Secondo l'europarlamentare della Lega la Commissione Europea si trova di fronte a una situazione paradossale: ha finanziato per quasi 240mila euro uno studio sulla cimice asiatica che dichiara di fatto l'emergenza, e tuttavia non prende provvedimenti in merito.

«Spendere soldi pubblici per uno studio e poi ostinarsi a non tenerne in considerazione le conclusioni». È questo il paradosso denunciato dall’eurodeputato della Lega Paolo Borchia, che spiega: «La Commissione europea continua a rifiutare l’inclusione della cimice asiatica nell’elenco delle specie esotiche pericolose da sottoporre a quarantena, ai sensi della Direttiva 2000/29/CE».

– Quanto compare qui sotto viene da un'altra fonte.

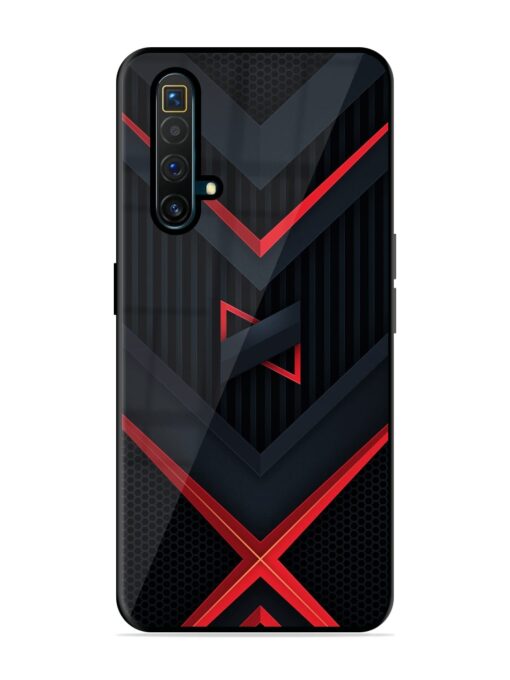 Red Gray Abstract Glossy Metal Phone Cover for Realme X3 Superzoom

L’eurodeputato del Carroccio ha presentato un’interrogazione per chiedere spiegazioni alla Commissione europea sul motivo per cui non ha ancora preso provvedimenti nonostante sia stata la stessa a finanziare un rapporto – eloquente il titolo, “Invasion”, elaborato tra il 2016 e il 2019 – che ha riconosciuto la cimice asiatica come specie invasiva e pericolosa.

Lo studio, finanziato da Horizon 2020, il programma europeo per la ricerca e l’innovazione, ha previsto uno stanziamento diretto di fondi europei pari a 238.500 euro.

«La Commissione – prosegue Borchia – rifiuta di procedere affermando che “la cimice asiatica è già diffusa in vari Stati membri e per tale ragione non può esser sottoposta a misure di prevenzione” contenute nella Direttiva 2000/29/CE. Sulla base di questa argomentazione la Commissione continua a ignorare le richieste di assistenza delle regioni colpite da questa invasione».

Borchia conclude sollecitando il Ministro Bellanova a dare seguito alla richiesta di convocazione di un tavolo interministeriale, già segnalata con una lettera la scorsa settimana.